Mezzo-soprano Rise Stevens, who sang with the Metropolitan Opera in Manhattan for more than 20 years, has died in New York three months shy of her 100th birthday.
Among Rise Stevens’ greatest roles was the title character in Carmen in the 1950s, which she sang for 124 performances.
Rise Stevens also had a brief Hollywood film career in the 1940s, starring in Oscar-winning Bing Crosby film Going My Way.
The Metropolitan Opera called her “a consummate artist, treasured colleague, and devoted supporter of the company”.
Born Rise Steenberg on 11 June 1913, she first began singing at the age of 10 on a radio children’s hour in New York.
She received a scholarship to study at the renowned Julliard School and turned down an invitation to audition for the Met in 1935 – instead choosing to continue her training in Europe instead.
Rise Stevens made her professional opera debut in Prague, where she first showed her mastery in the role of Carmen, before joining the Met in 1938 on tour in Mignon.
Her first film role was in the Oscar-nominated 1941 film The Chocolate Soldier opposite Nelson Eddy, leading to her role in Bing Crosby’s Going My Way which won seven Oscars including best picture.
Rise Stevens turned her back on Hollywood shortly after because of her love for opera.
“I probably would never have reached that vast public had I not done films,” Rise Stevens had once said.
“At least, I won a lot of people over to opera.”
Among her other celebrated roles were Octavian in Der Rosenkavalier, Orfeo in Orfeo ed Euridice, Cherubino in The Marriage of Figaro and Dalila in Samson et Dalila.
Such was her skill, Lloyds of London insured her voice for $1 million in 1945.
Rise Stevens retired from performing opera in 1961, saying she wanted to bow out while she still had a great voice.
“It always bothered me, these great singers when I heard them again and again, remembering how magnificent they sounded once and no more,” she said.
Rise Stevens spent three years as director of the Met’s touring company.

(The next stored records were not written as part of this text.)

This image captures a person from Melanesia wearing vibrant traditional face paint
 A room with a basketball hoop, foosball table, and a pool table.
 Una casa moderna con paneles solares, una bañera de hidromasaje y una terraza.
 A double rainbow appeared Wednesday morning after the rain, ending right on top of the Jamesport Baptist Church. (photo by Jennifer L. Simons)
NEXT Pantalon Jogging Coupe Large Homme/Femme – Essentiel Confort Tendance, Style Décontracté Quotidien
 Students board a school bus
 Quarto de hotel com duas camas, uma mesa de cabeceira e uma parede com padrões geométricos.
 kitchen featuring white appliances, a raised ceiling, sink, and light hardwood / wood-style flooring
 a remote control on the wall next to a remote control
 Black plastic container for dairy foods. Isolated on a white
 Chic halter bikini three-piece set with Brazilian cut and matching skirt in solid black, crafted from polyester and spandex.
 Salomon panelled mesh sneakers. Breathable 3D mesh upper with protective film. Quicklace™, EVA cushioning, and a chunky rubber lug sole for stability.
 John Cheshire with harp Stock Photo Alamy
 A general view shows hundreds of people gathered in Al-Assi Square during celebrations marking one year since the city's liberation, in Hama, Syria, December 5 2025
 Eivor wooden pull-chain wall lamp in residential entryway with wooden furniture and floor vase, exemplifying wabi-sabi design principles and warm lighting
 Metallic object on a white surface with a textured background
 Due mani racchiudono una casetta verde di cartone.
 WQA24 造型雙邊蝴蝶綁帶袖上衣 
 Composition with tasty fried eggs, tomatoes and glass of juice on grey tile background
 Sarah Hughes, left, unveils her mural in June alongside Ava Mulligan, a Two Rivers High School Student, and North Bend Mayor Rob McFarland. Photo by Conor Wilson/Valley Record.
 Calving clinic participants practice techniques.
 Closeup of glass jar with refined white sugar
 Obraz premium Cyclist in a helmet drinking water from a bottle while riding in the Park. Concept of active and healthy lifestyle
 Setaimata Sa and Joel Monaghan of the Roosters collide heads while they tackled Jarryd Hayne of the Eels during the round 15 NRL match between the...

She was also a managing director of the Met, board member of the Metropolitan Opera Guild and president of the Mannes College of Music from 1975 to 1978.
She received the Kennedy Center Honour in 1990, where she was hailed as a singer “who raised the art of opera [in the US] to its highest level”.
Rise Stevens is survived by her son, the actor Nicholas Surovy, and a granddaughter.
Nicholas Surovy said a private memorial had been planned.